This line of thinking would naturally lend to the assumption that there are shades of gray (no reference to the book…lol) all along the continuum as well. Gray lies would then also have that capacity oftentimes be very hurtful.

But…so can white lies, should the person lied to find out they were indeed lied to.

Degree of injury would be quite a subjective measure. Some people tend to have a softer disposition than others, and further emotional injuries will often fade in time. Devastation now may equal growth at a later moment in life.

Should the continuum then be result? According to The Gentlemen’s Magazine, a white lie would be created for the purpose of entertainment or “amusing others”. By this, a cocktail exaggeration would be a white lie meant to amuse guests with stories of wild ridiculousness. A black lie then would mean to sadden or bore guests?

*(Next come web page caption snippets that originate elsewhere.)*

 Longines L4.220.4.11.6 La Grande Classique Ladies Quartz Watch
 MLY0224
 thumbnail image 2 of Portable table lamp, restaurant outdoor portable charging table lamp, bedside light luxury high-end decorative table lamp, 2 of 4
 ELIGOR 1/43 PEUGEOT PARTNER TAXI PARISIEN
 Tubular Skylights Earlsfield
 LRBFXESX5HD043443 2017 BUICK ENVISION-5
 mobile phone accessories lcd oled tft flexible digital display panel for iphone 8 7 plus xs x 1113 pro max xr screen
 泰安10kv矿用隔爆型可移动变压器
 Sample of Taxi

Perhaps the continuum isn’t result at all, but instead the amount of exaggeration. If a white lie is an exaggeration for amusement, would a black lie be void of exaggeration at all and therefore seeded in only truth?

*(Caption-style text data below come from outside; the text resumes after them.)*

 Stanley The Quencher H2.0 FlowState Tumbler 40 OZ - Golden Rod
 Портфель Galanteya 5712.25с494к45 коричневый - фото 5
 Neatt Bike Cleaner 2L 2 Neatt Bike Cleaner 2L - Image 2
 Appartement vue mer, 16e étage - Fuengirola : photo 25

By modern definition, a white lie would imply that the falsehood is intended to spare another’s feelings. Should the continuum be motive? Rather than a small trivial mistruth to spare another, would a black lie seek to tear them completely down? Would it be the most serious aggression imaginable?

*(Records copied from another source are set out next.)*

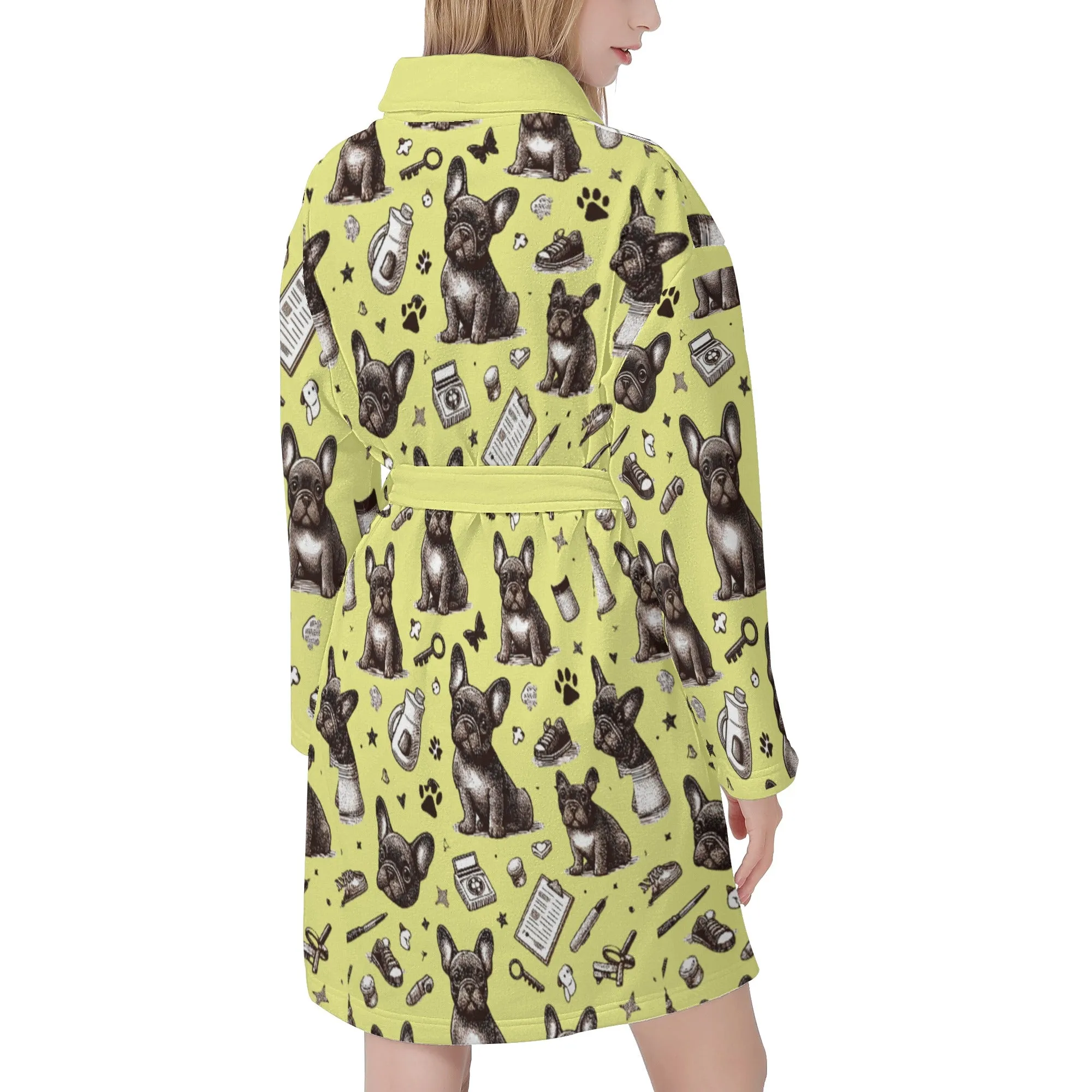 Ivy - Women Bathrobe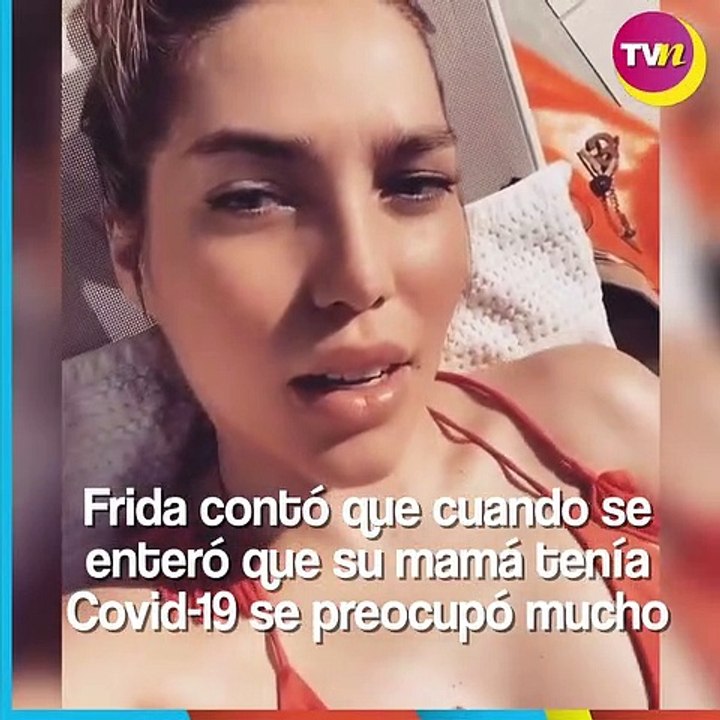 Frida Sofía y Alejandra Guzmán se reconcilian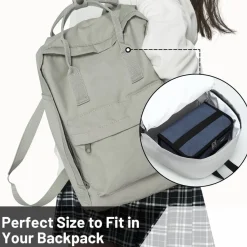 MIER Kühltasche für Lebensmittel, Insulated Travel Kit für Damen und Herren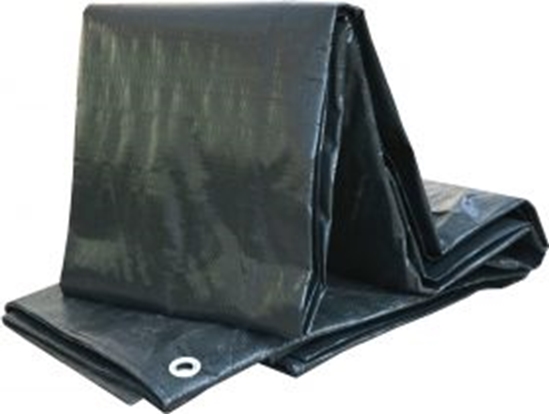 Picture of Rockland Podoga do namiotu 2x3m czarna (146)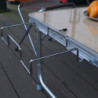 Portable Tabletop Hanging Rubbish Bag Holder Garbage Storage Rack Camping Travel City Portable Tabletop Hanging Rubbish Bag Holder Garbage Storage Rack Camping Travel City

In my professional life, I run into these philosophical dilemmas every day. If research is to seek the ultimate truth, science teaches us that the measure by which to get at that truth must be objective. But the real world is not necessarily confined by absolute truths.   Humans and their behavior are most certainly not confined by absolutes. And sometimes it takes human insight and philosophy to ponder the deeper issues in social science. The science of classification then gives way to the art of discernment, and while we may never know if we are right, we will know we have applied a level of thinking and evaluation that merits a fresh view.